*** Collected data Section Begins ***

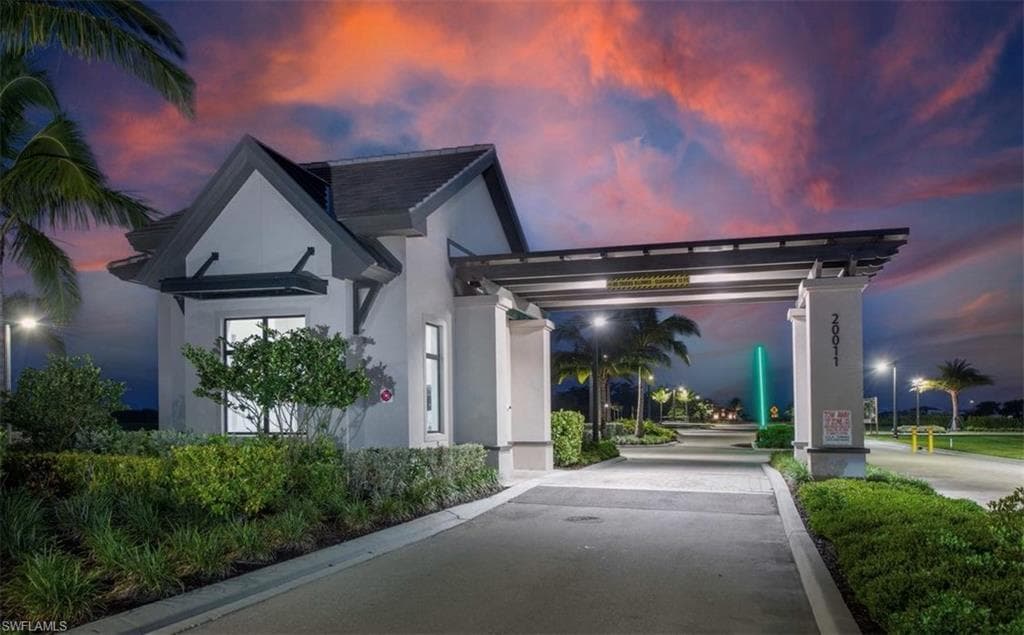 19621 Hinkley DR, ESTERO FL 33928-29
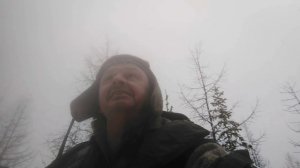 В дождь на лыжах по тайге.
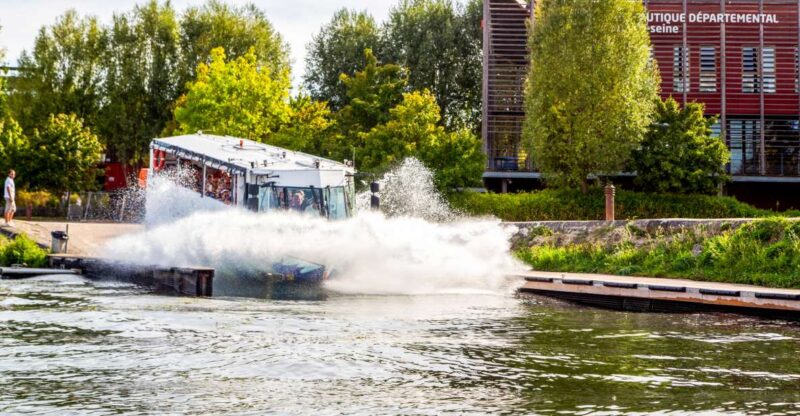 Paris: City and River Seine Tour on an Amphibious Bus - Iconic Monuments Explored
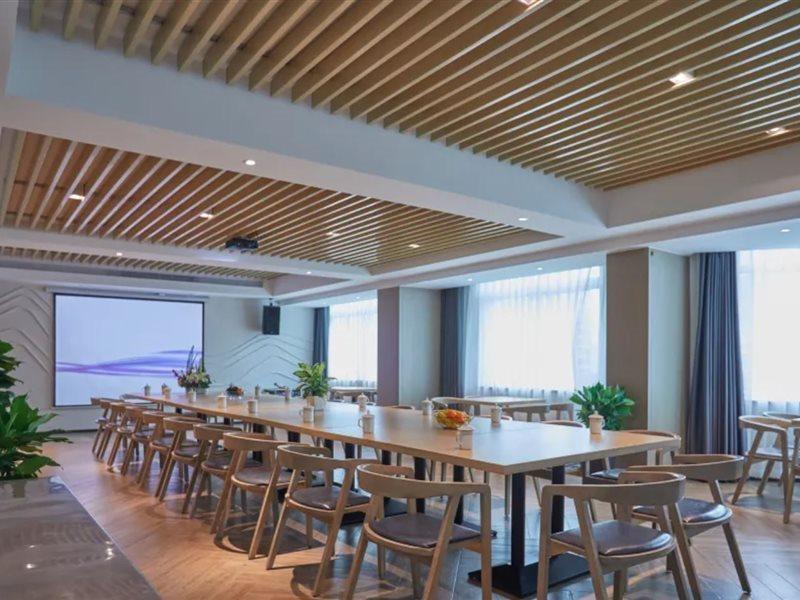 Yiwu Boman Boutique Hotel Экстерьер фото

*** Collected data Section Ends ***

[What you need to do] Retype all of the listing word for word and skip the pictures.

[Solution to this problem]
 19621 Hinkley DR, ESTERO FL 33928-29
 В дождь на лыжах по тайге.
 Paris: City and River Seine Tour on an Amphibious Bus - Iconic Monuments Explored
 Yiwu Boman Boutique Hotel Экстерьер фото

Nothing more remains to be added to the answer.